(Beginning of EXERCISE MATERIAL)

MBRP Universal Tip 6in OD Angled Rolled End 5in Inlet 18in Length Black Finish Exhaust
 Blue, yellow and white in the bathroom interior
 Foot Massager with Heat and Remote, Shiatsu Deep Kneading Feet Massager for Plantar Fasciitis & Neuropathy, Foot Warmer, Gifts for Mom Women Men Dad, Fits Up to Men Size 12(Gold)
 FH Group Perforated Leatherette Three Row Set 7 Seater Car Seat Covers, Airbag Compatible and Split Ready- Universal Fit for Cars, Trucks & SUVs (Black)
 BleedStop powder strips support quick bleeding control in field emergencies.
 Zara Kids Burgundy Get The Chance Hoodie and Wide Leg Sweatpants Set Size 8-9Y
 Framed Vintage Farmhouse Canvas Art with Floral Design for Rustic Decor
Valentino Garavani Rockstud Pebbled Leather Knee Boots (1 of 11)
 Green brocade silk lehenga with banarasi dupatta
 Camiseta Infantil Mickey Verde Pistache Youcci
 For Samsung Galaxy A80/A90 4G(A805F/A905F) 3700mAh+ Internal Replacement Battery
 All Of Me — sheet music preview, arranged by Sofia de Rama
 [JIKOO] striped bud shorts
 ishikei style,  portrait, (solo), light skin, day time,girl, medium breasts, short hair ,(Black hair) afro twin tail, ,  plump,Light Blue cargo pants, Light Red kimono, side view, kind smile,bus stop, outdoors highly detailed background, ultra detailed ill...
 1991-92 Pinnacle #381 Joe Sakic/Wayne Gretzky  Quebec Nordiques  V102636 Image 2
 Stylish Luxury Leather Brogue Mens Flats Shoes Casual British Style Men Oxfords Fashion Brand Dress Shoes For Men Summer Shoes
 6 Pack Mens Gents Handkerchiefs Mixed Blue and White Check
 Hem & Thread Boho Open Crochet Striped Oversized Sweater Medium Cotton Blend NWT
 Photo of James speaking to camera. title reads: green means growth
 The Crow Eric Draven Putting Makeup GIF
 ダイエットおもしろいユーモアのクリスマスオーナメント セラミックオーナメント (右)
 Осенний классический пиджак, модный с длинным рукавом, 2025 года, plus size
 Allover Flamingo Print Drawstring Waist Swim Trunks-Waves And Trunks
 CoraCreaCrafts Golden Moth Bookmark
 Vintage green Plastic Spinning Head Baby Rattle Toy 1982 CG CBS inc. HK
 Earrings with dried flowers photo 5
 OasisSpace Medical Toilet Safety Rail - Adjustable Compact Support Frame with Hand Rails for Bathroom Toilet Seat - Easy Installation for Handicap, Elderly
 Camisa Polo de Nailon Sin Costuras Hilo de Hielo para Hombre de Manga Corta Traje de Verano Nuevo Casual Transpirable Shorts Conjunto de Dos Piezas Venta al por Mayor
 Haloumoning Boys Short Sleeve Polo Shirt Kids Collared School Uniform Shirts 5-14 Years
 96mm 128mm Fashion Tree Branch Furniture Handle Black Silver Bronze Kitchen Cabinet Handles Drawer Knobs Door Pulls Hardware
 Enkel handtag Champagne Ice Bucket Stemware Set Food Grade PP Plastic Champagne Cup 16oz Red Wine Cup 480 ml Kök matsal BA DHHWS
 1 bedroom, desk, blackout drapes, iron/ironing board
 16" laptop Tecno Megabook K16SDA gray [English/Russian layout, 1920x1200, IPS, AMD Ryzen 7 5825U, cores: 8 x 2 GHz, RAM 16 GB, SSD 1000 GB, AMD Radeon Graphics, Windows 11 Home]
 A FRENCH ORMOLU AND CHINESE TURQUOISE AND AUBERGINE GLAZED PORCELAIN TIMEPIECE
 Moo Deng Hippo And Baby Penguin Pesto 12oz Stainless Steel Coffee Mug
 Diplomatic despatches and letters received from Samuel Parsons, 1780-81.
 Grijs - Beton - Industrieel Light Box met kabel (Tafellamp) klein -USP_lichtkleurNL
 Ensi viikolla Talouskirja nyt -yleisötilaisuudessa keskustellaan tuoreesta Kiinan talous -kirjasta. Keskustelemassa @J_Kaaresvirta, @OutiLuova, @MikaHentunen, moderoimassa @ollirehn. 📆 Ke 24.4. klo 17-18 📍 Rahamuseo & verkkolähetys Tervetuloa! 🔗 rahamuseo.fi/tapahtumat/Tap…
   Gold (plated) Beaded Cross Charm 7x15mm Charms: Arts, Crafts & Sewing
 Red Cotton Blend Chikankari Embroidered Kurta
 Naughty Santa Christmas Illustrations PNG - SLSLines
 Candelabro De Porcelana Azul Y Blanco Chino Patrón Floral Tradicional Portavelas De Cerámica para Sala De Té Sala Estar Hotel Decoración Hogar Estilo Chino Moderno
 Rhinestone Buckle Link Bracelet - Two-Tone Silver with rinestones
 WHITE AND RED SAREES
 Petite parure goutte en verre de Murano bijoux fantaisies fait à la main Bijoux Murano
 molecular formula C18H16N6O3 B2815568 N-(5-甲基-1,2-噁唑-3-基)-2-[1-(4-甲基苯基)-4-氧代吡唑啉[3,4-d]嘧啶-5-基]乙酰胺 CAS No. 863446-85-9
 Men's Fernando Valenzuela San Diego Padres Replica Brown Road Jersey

(End of EXERCISE MATERIAL)

EXERCISE PROMPT »
From the records given above, copy all lines containing "Vintage".

SOLUTION FOR THIS PROBLEM »
 Framed Vintage Farmhouse Canvas Art with Floral Design for Rustic Decor
 Vintage green Plastic Spinning Head Baby Rattle Toy 1982 CG CBS inc. HK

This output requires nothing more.